By forcing a train’s brakes to apply, Automatic Train Protection ensures trains do not collide.
To force the train’s brakes, the automatic train protection system can include a device by the side of the rails, or a device on board the train. When the signalling system determines it’s unsafe to proceed, the automatic train detection devices in the area are set up to transmit to any approaching train that the train must apply its emergency brake. This ranges from a mechanical lever, to magnets, to short range radio transmissions.
An interlocking is the connection between the information about track circuits and points detection is transmitted to the train and the automatic train protection.
The interlocking is a set of logical rules that dictate the direction and the ability of a train to move forward in to the next section. Interlockings do not drive the trains, but the interlocking is responsible for calculating where a train can drive.
Old fashioned interlockings are made out of mechanical levers. The most interesting mechanical interlocking I’ve seen still working today is in Melbourne, Australia where trams cross train lines. Overhead wiring for the tram is interlocked with the overhead wiring and signalling for the train; a train is not allowed to cross the tram line until a mechanical lever has changed the overhead wiring to the train system.
Modern interlockings are computer based. Computer based interlockings are computer systems that take inputs of track circuits, point detection, and other safety features of the network, and calculate where trains are allowed to go. Programming of a computer based interlocking is often done in special languages that are easy to read by signalling engineers, but are hard to figure out by the rest of us.
Communications based train control is when a signalling system uses communications, such as Wi-Fi or mobile phone signals, to give a train its instructions about how far it can move forward. This information is interpreted by a human driver or a computer to operate the train. Often communications based train control is combined with automatic train protection; if the instructions are violated, the train stops automatically.
Trains on the track and computers in a room can talk wirelessly to each other
Trains also communicate their position back to the signalling system to allow it to calculate how far ahead the train can move. The train calculates its position by using an odometer, fixed beacons in drilled into the ground at known locations, or by GPS. A combination of all three can be used on one train line, particularly if that line has a lot of tunnels that block GPS.
When trains collide, people can die. When equipment breaks down, trains can collide. Fail safe means that when a piece of equipment in a system fails, the system should default to a safe state.

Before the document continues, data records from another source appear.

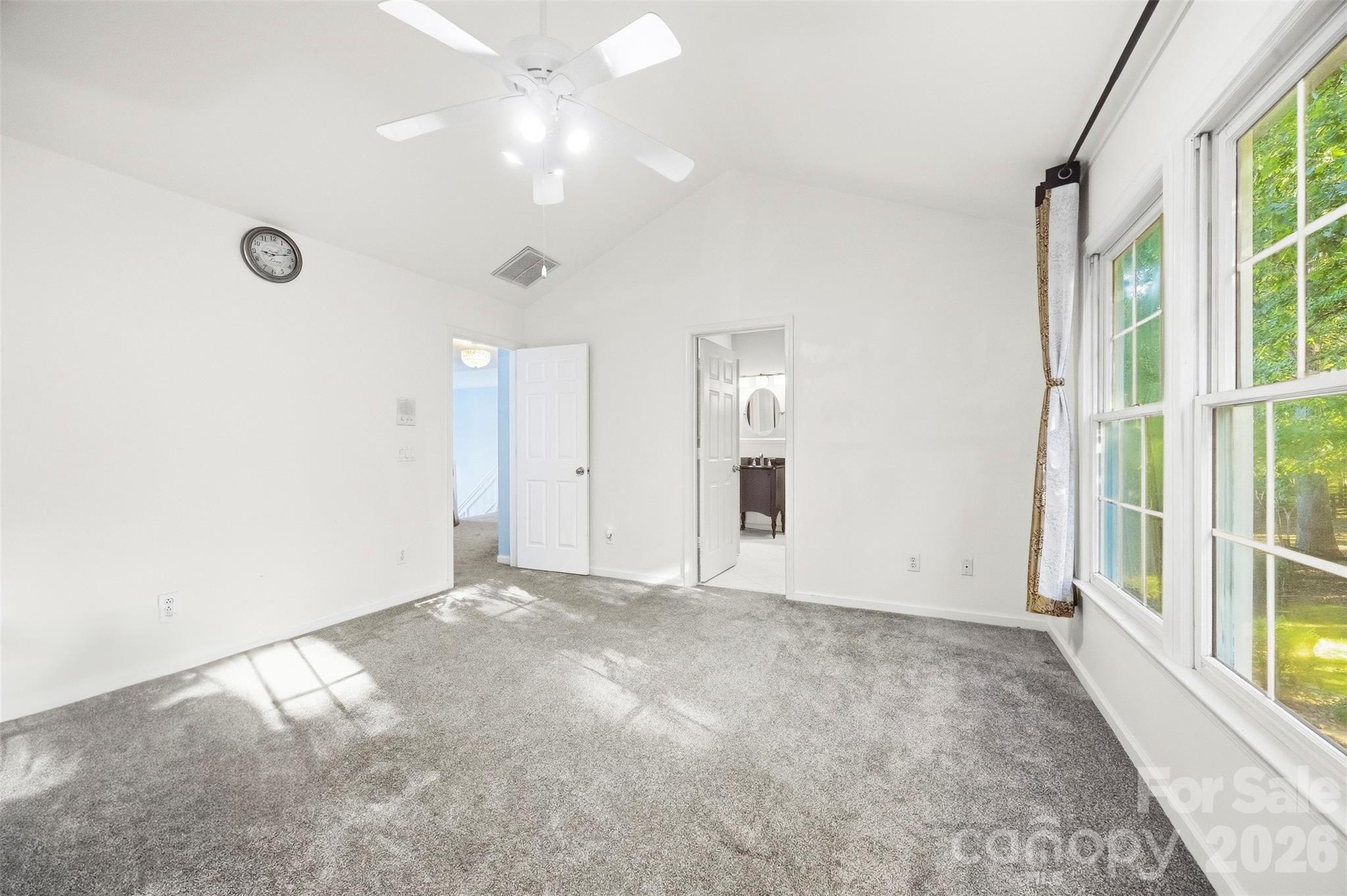 4131 Beauvista Drive Property Photo 14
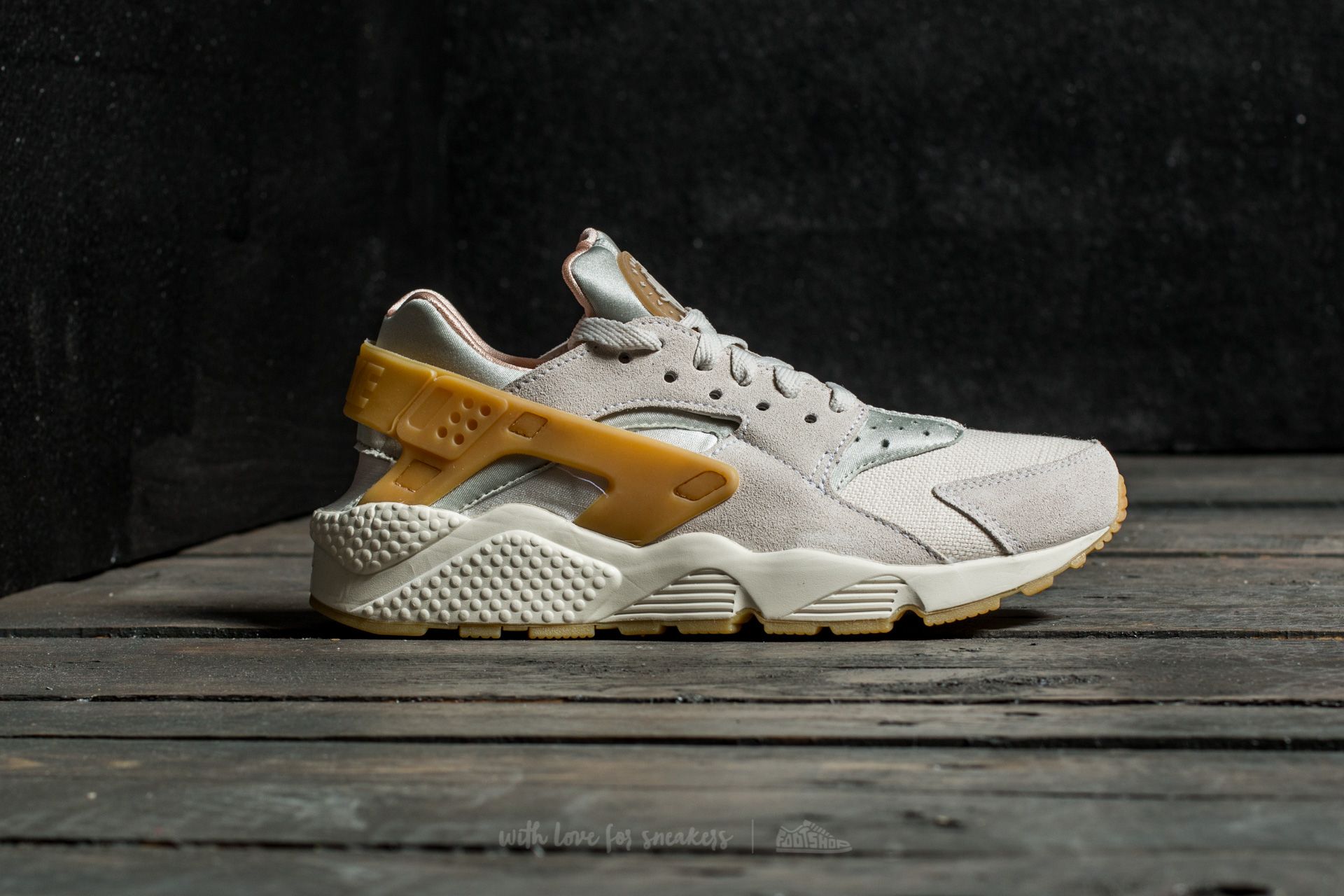 Men s shoes Nike Air Huarache Run SE Phantom Gum Yellow Light Bone Footshop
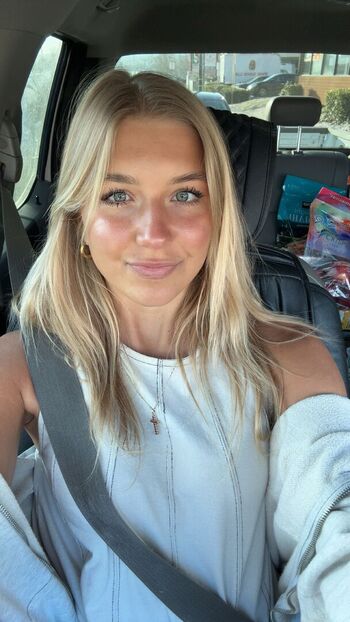 Aniela leon page leaked private photo uncensored HD quality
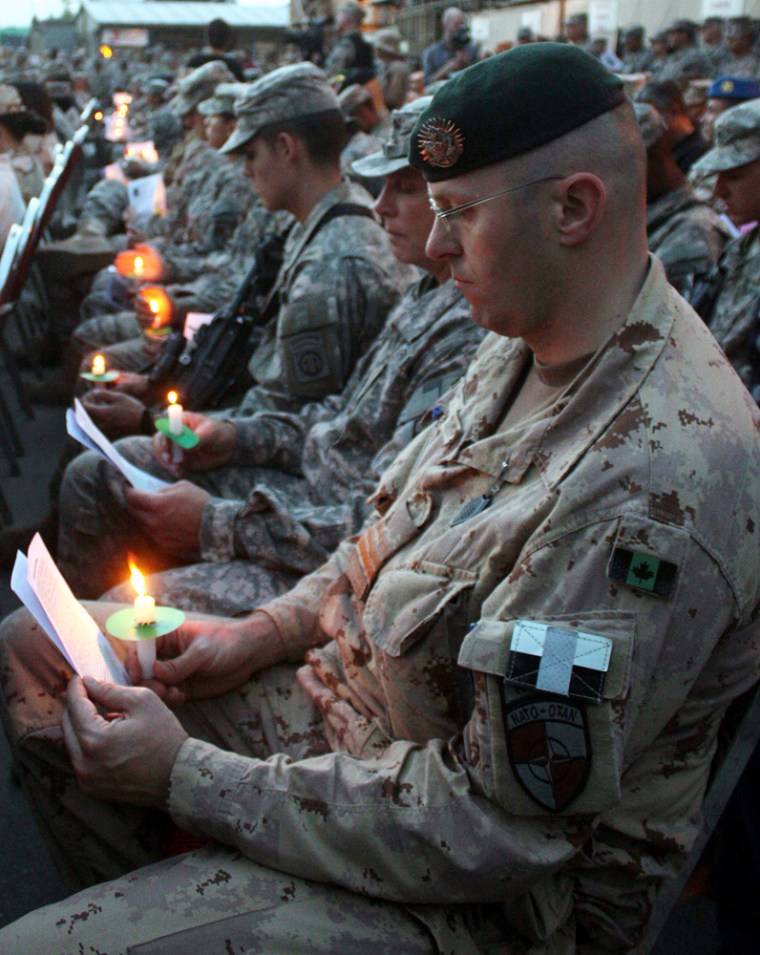 Image: US soldiers memorial service in Kabul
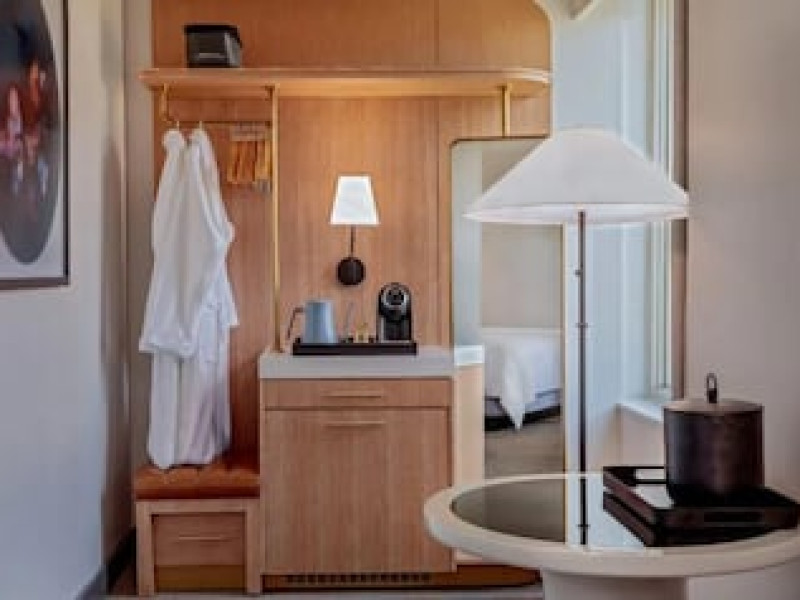 BEACON HOTEL & CORPORATE QUARTERS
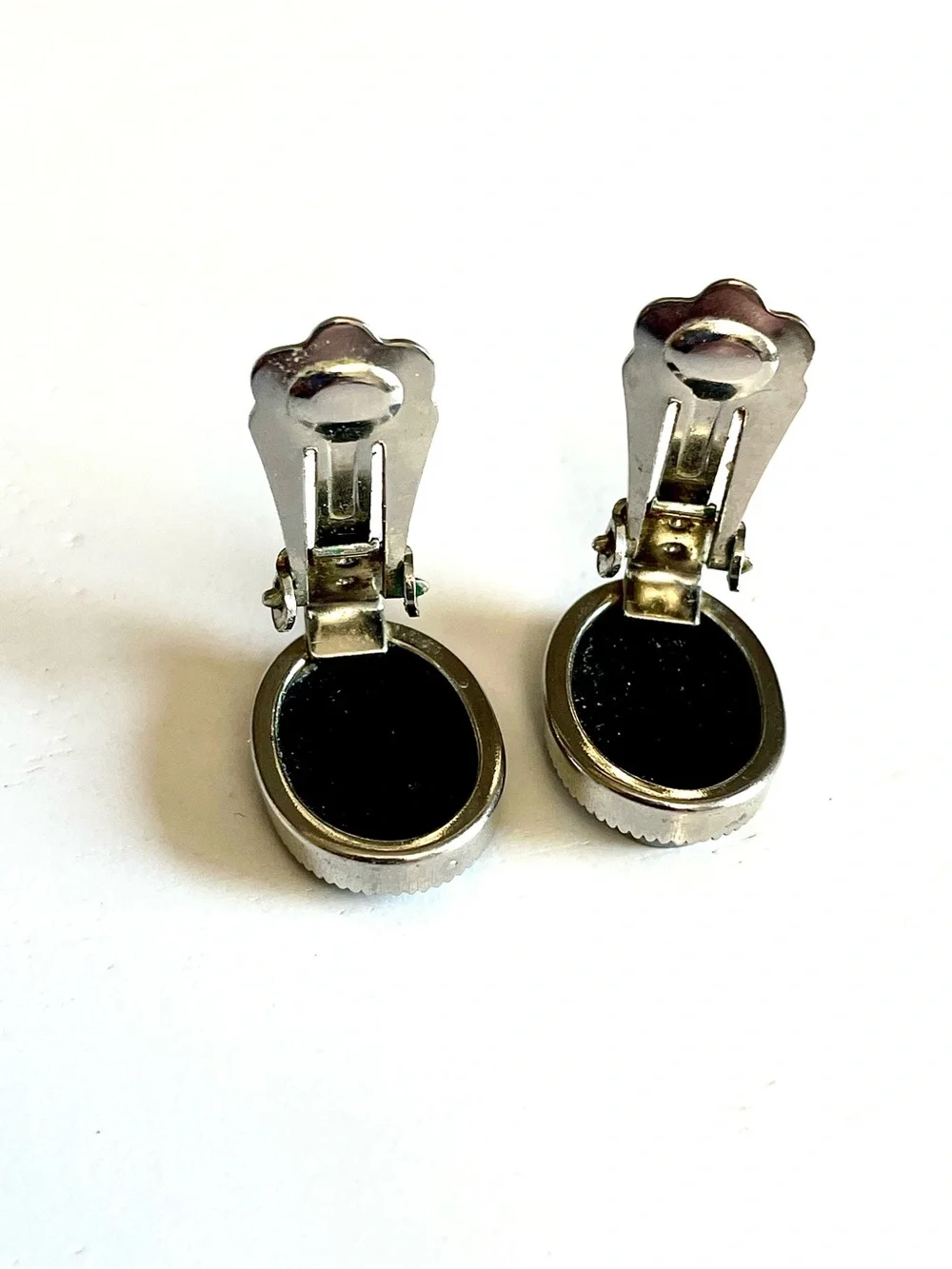 Vintage Mod Faux Hematite Black Mirror Clip On Earrings Silver Tone Retro Goth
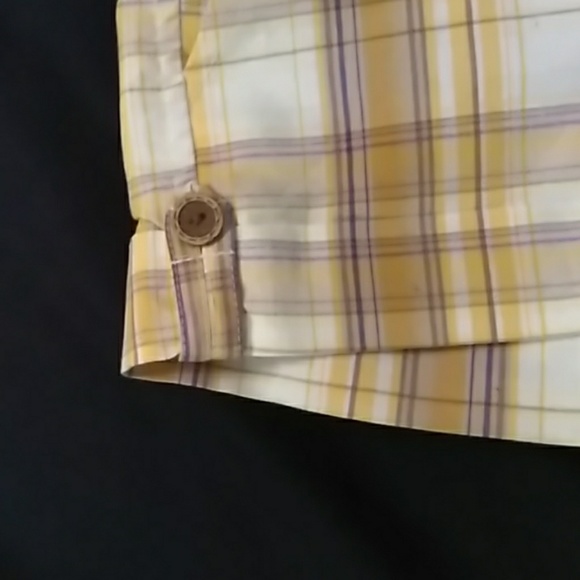 Shorts - Picture 3 of 4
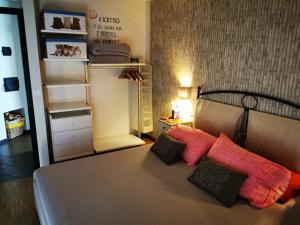 ein Schlafzimmer mit einem Bett mit drei Kissen darauf in der Unterkunft MinaVill La Casa Sulle Dolomiti in Fiera di Primiero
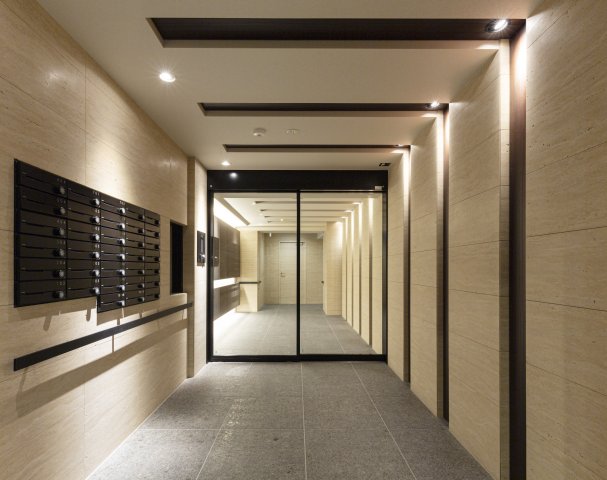 エントランス　毎日通るエントランスはこのようになっています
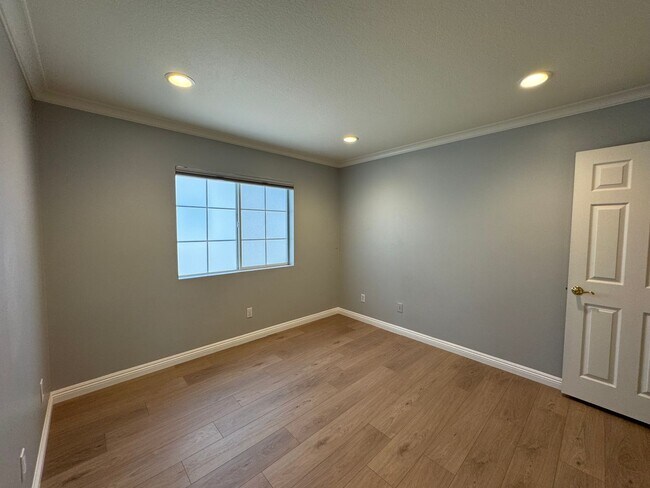 Building Photo - Beautiful 4Bd/2.5Ba Home in Aliso Viejo!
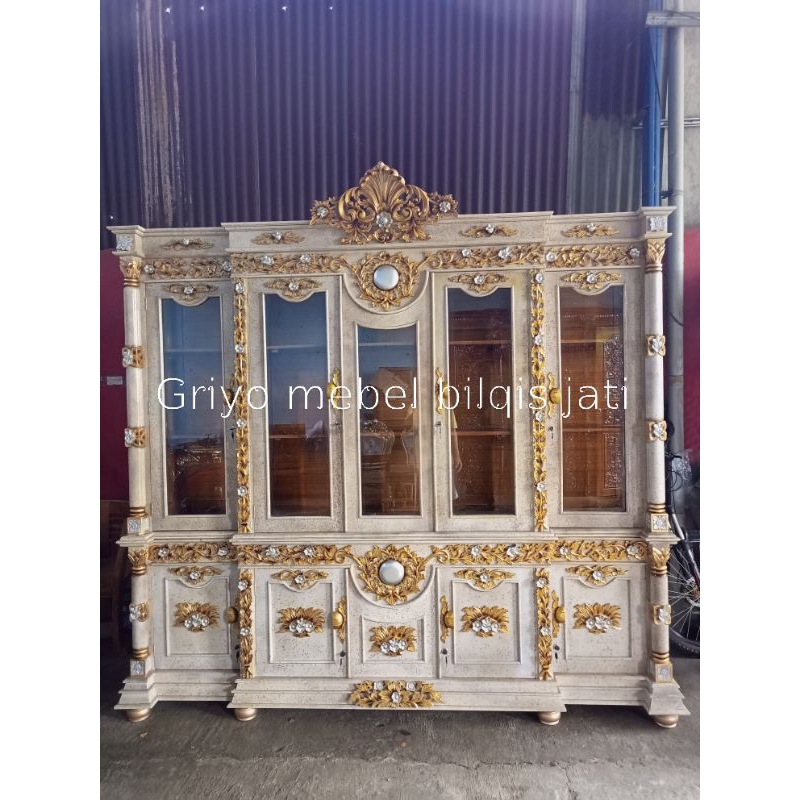 lemari hias jati ukir jepara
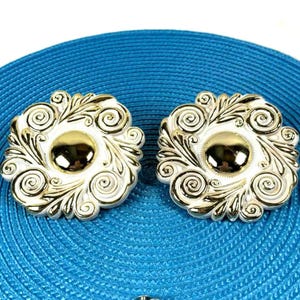 カナダ製の、花柄アラベスク模様の白と金の新しいヴィンテージ装飾引き出しまたはキャビネットハンドル 2 個セット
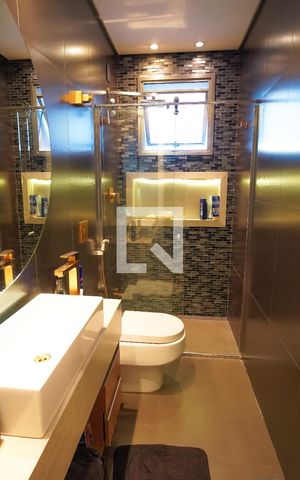 Casa à venda com 267m², 3 quartos e 4 vagas Casa à venda com 267m², 3 quartos e 4 vagasBanheiro Quarto 3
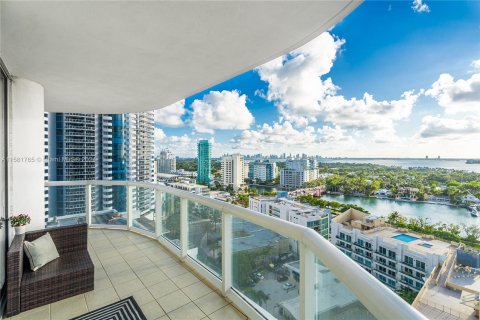 Condo in Miami Beach, Florida, 2 bedrooms  № 1161151 - photo 2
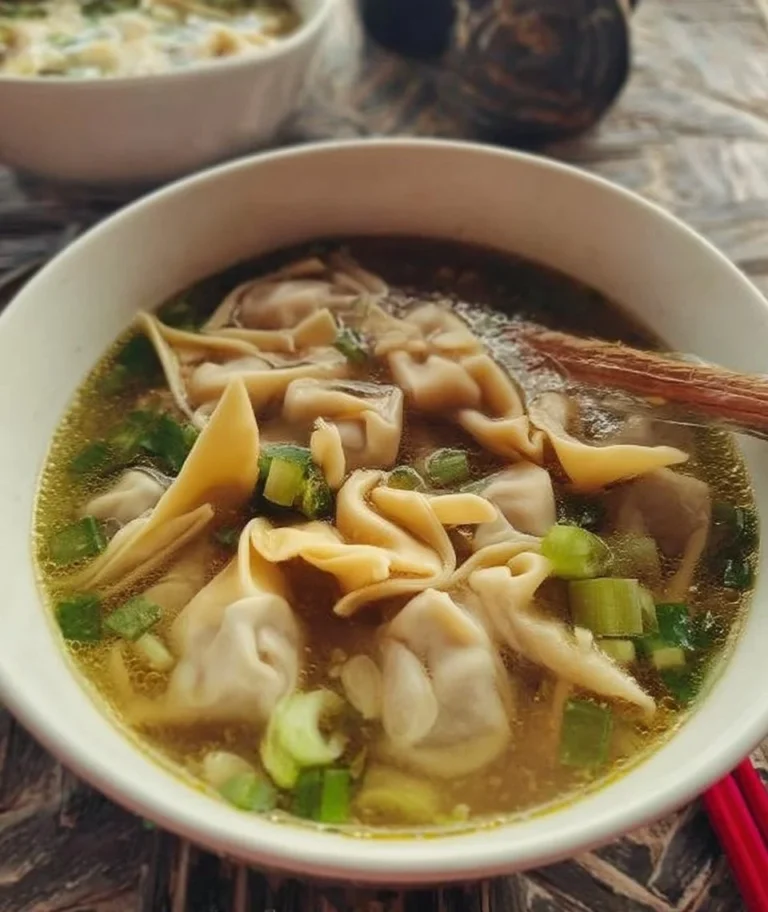 Bol de soupe won-ton avec garnitures fraîches et savoureuses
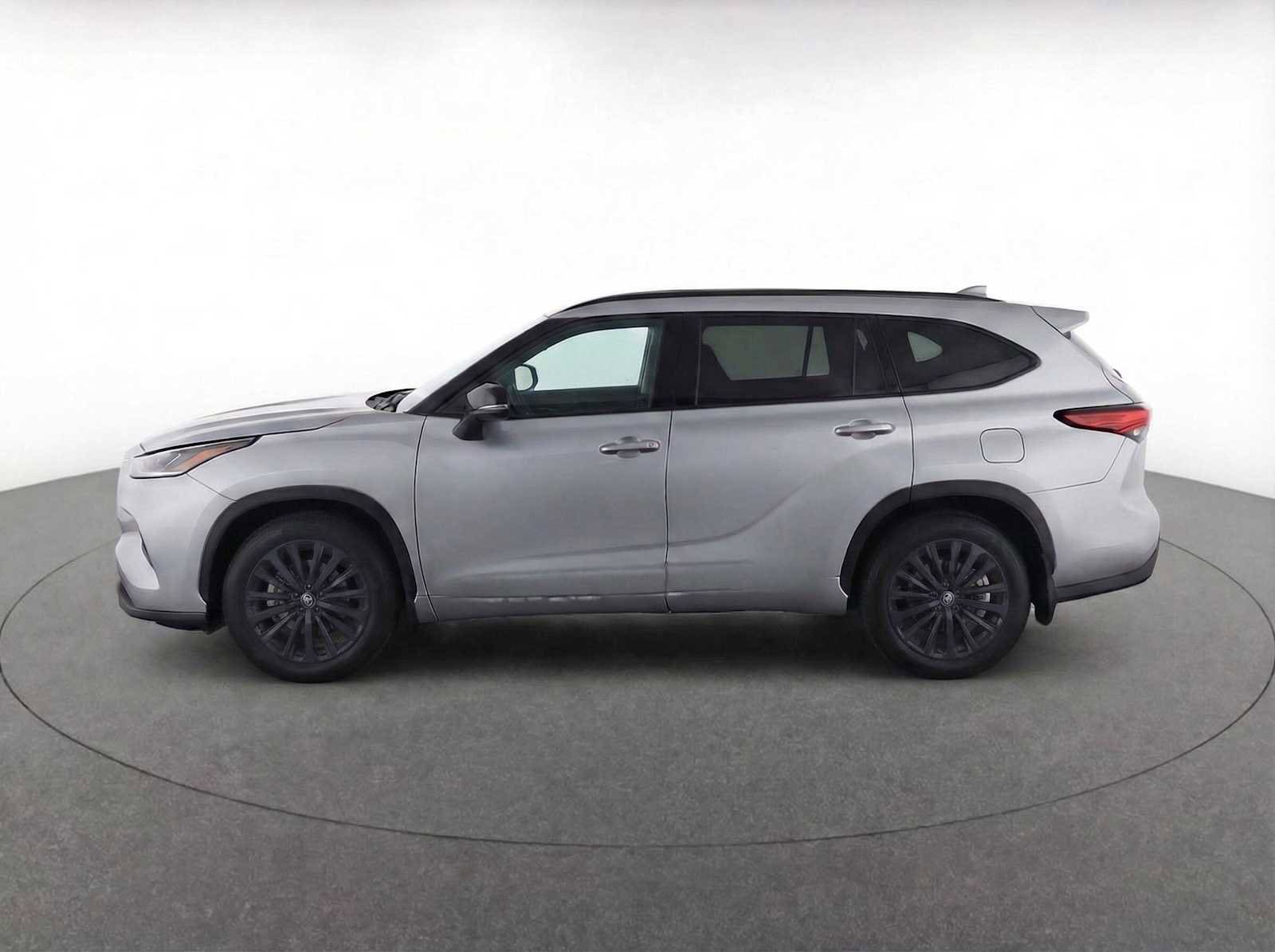 Thumbnail: 2025 Toyota Highlander - 6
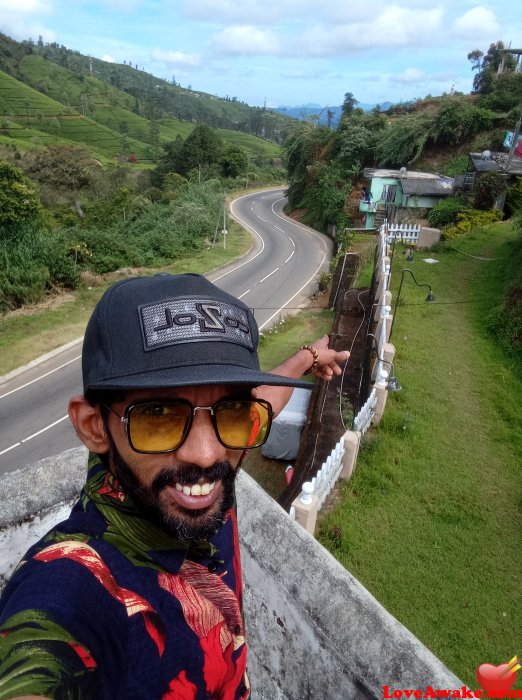 Rickyeminem Sri Lankan Man from Galle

The reason a track circuit detects the absence of a train by measuring an electric current is because it is fail safe. When the electric current is not received, a train might be there. If the signalling system believes there is a train present, it won’t send another train into that section - this is fail safe. If the power stopped working (i.e. the equipment failed) then the electric current wouldn’t be received and the system would think there is a train present - the safer situation.
Fail safe is often why signal faults cause more delays on a rail line than any other type of fault. What is the safest way to prevent trains colliding? Don’t allow trains to move!. If the system cannot guarantee the safety of the line ahead, it will stop any train approaching. A human must intervene and make sure it is safe to proceed, this takes time and can cause delays.
Did you reach this far and wonder why I didn’t include signal in this list? Rail signalling is much bigger than the traffic light coloured signals by the side of the line.
Rail signalling is a big employer of people worldwide. Customers expect trains to run quickly, reliably, and without crashing. Rail signalling facilitates this. Getting a job in signalling can be tough, but it’s a rewarding industry to be in. Signalling is how I started out working in rail.